Kubuntu Amd64
Rod Joyce
werepenguin at blueyonder.co.uk
Tue Jul 24 16:15:44 UTC 2007
On Tuesday 24 July 2007 05:08:29 manchicken wrote:
> On Monday 23 July 2007 15:33:34 Neil Winchurst wrote:
> > I see that Feisty is available as a version for AMD64 bit. Has anyone
> > any experience with this please? Any advice gratefully received.
> >
> > Neil Winchurst
>
> I've been using amd64 builds of Kubuntu for some time now. They work fine
> for me. The only trouble you have is with non-free garbage, and that's
> easily worked out with the ia32-libs package. I've got Firefox installed
> in both a 64 and 32-bit version, so I can run Flash and Java plugins for
> Firefox32. I've never used Acroread (with kpdf, I see no point in running
> such filth), so I can't speak to that.
>
> Wine may be tricky too, but once again I wouldn't know.
>
> If you're still a slave to proprietary software, you'll most likely have
> trouble with amd64 GNU/Linux of any flavor.
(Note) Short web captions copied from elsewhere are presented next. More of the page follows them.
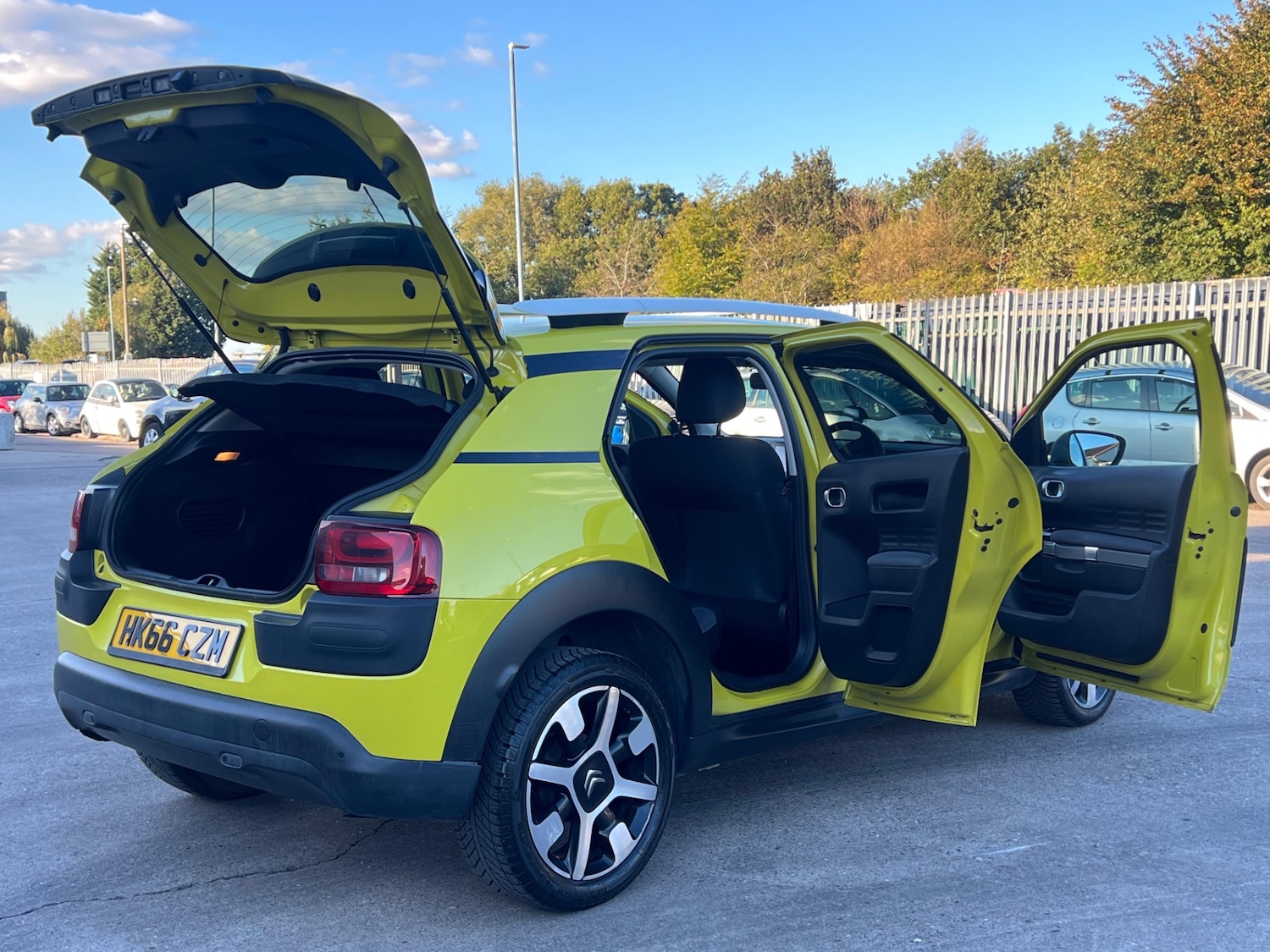 Used Citroen C4 Cactus 2016 for sale - 76165401: Photo 26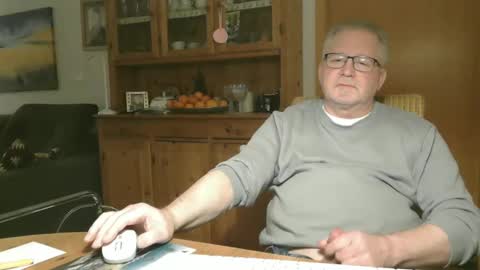 Snapshot of toto758 chatting on January 18, 11:00 pm toto758 online show from January 18, 11:00 pm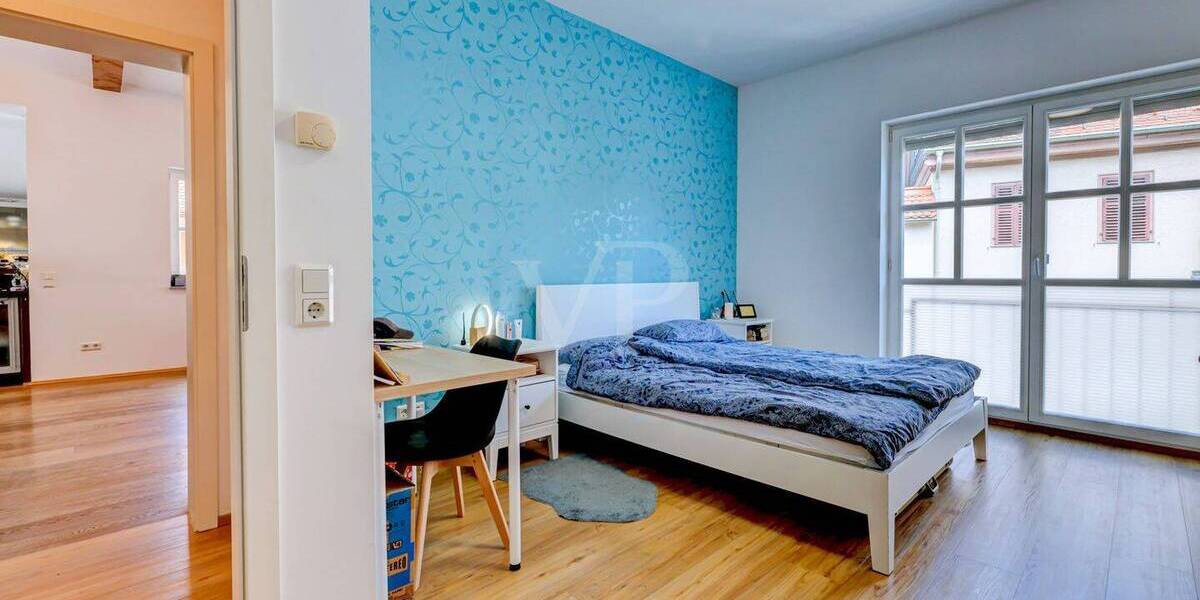 Mehrfamilienhaus, Wohnhaus Kronberg im Taunus Kronberg - 5 Zimmer, 180 m&sup2;, 2.400&euro; | Angebot:25939639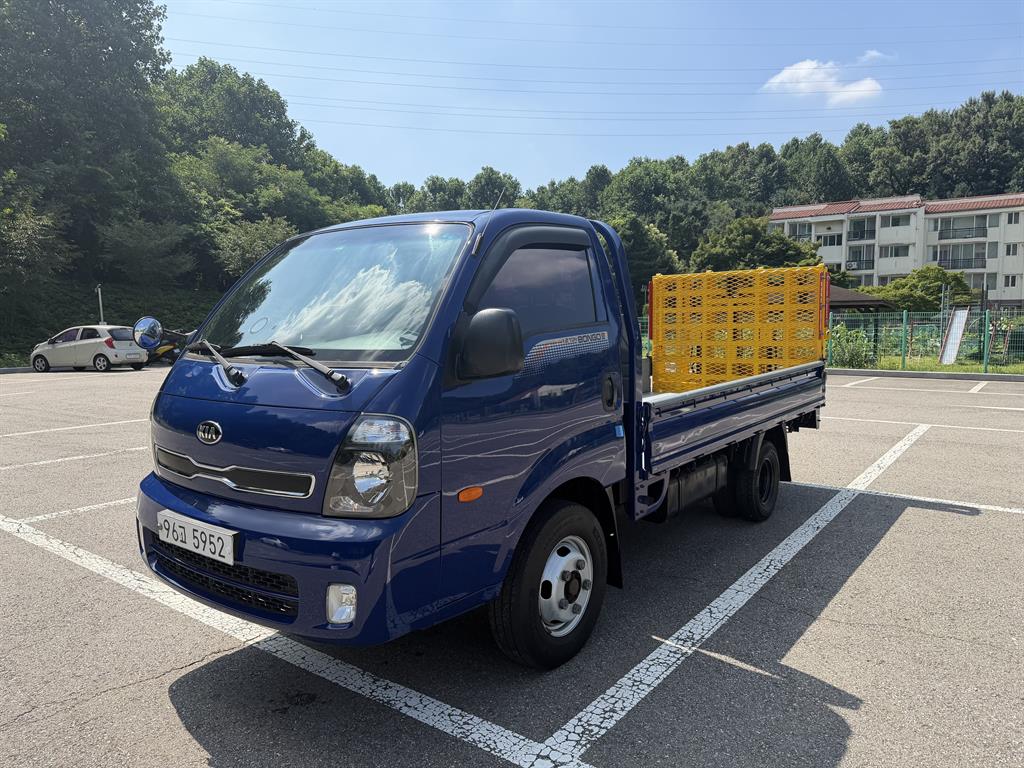 기아 봉고3 1.2톤 셀프로더 2014년식 주행 92,749km 중고 화물차 대표 이미지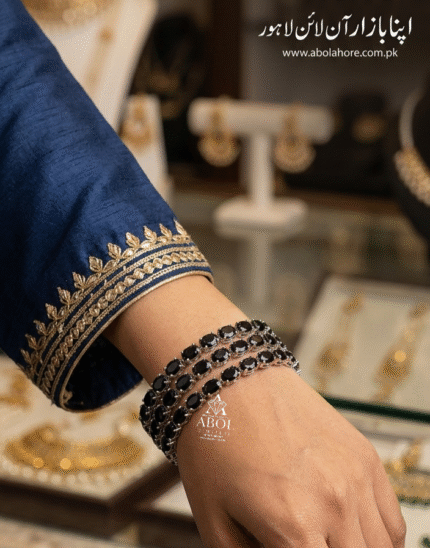 Black One-Carat Bangles, 2.6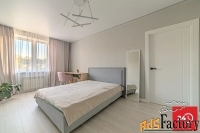 3 - комн.  квартира, 88.0 м², 3/16 эт.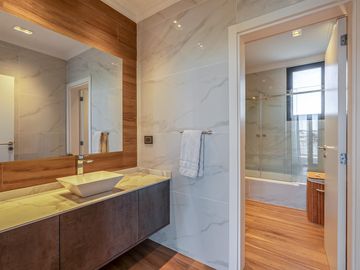 CASA - VENTA - 6 AMB - SUITES - COCHERA - JARDIN - PISCINA - BELEN DE ESCOBAR
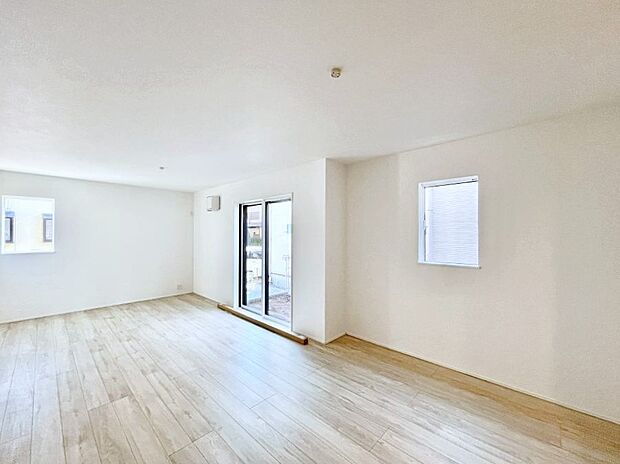 ◆1号棟◆〜Living〜　豊かな陽光がこの場所を照らしだす。光溢れるこの空間はみんなの笑顔が集う場所、時を忘れ、つきることのないたわいもない会話を楽しむ時間、たくさんの思いが綴られる場所。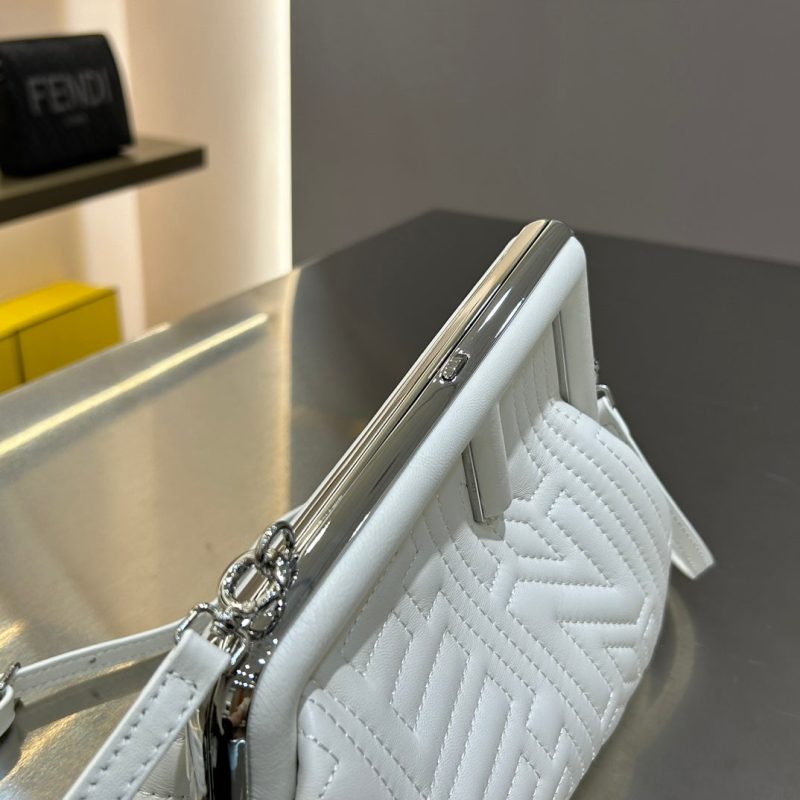 FendiI FIRST MINI 25 IN WHITE CALFSKIN BAG SILVER HARDWARE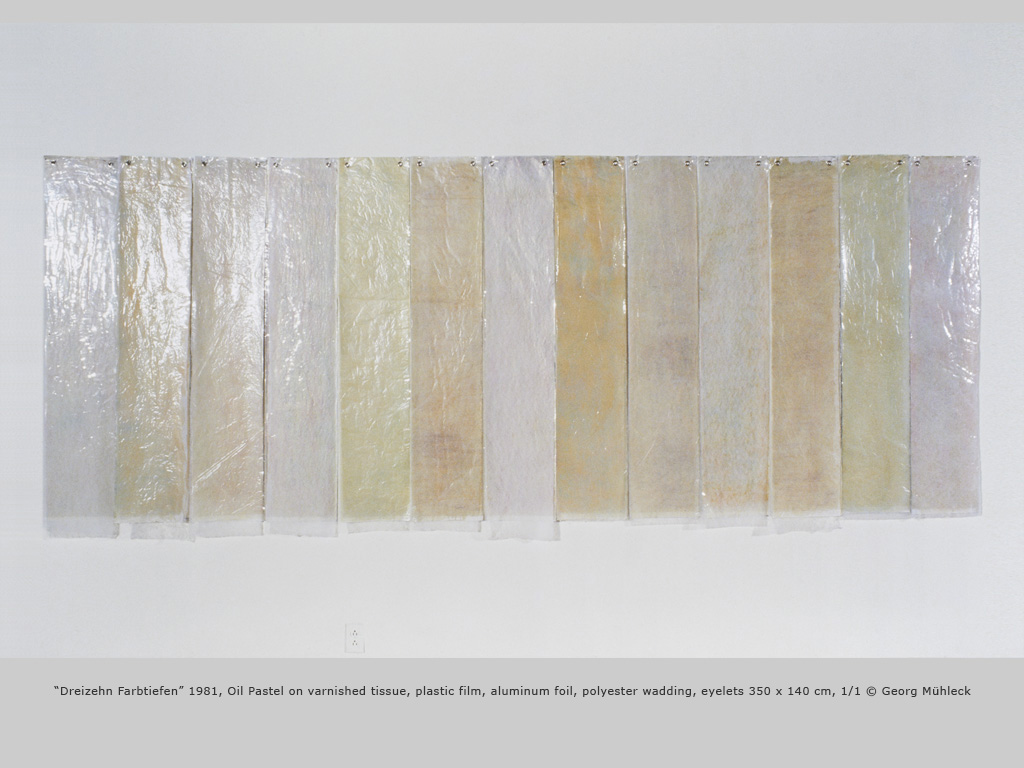 “Dreizehn Farbtiefen” 1981, Oil Pastel on varnished tissue, plastic film, aluminum foil, polyester wadding, eyelets 350 x 140 cm, 1/1 © Georg Mühleck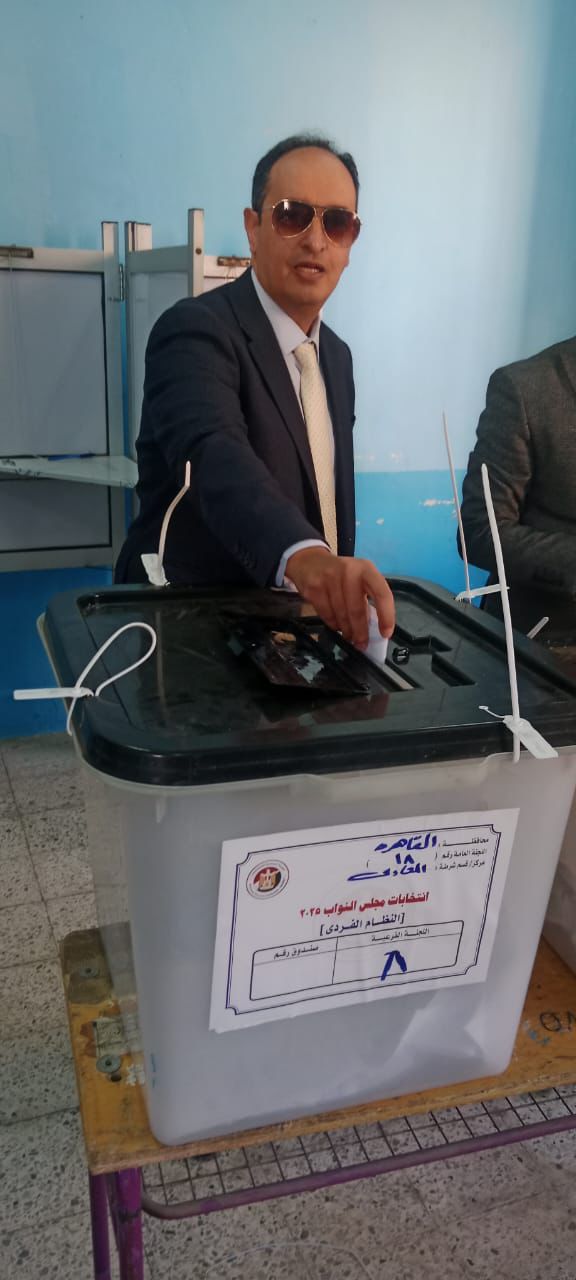 الدكتور عمرو عثمان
Most vendors of proprietary
> software do not accommodate amd64 users, and the lack of support there is
> not the fault of Kubuntu or any other Free Software project or
> distribution.
>
> I highly recommend amd64 Kubuntu.
>
So do I. This is the time I've installed Kubuntu, and I'm very impressed. it
seems a pity to get a 64-bit machine only to run a 32-bit OS.
Strictly speaking, I have an Intel EMT system, but AFAIK there's not much
difference for the purposes of this argument. It's the vendors' fault that
there is so little support for 64-bit systems as yet. Meanwhile I use a
combination of Konqueror, Firefox, Opera, Kaffeine-xine, and MPlayer.
The usual work-round for the problem with Flash is to install 32-bit Firefox
instead of/alongside the 64-bit version. This worked on my system, but it
took so long for the browser to respond to any click that it might just have
well have frozen entirely.
So I installed Opera, from the zipped tar file as dpkg wouldn't install a
32-bit application on a 64-bit system. Then I downloaded and insatlled Flash
within Opera. It works well enough for me to watch the videos on Reuters.com.
On my system, RealPlayer works very badly with FireFox and Konqueror, and as a
stand-alone application. It didn't work all that well when I had SuSE and
Fedora, either. I use MPlayer as a Konqueror plugin for listening to Windows
Media streams like the BBC - it works better than the Windows Media Player on
my machine at work.
The Acrobat Reader is available as a Feisty 64-bit package from Medibuntu;
apart from the message that PPKLite.api has failed to initialise on start-up
it works fine. I prefer kpdf and Kghostview in any case.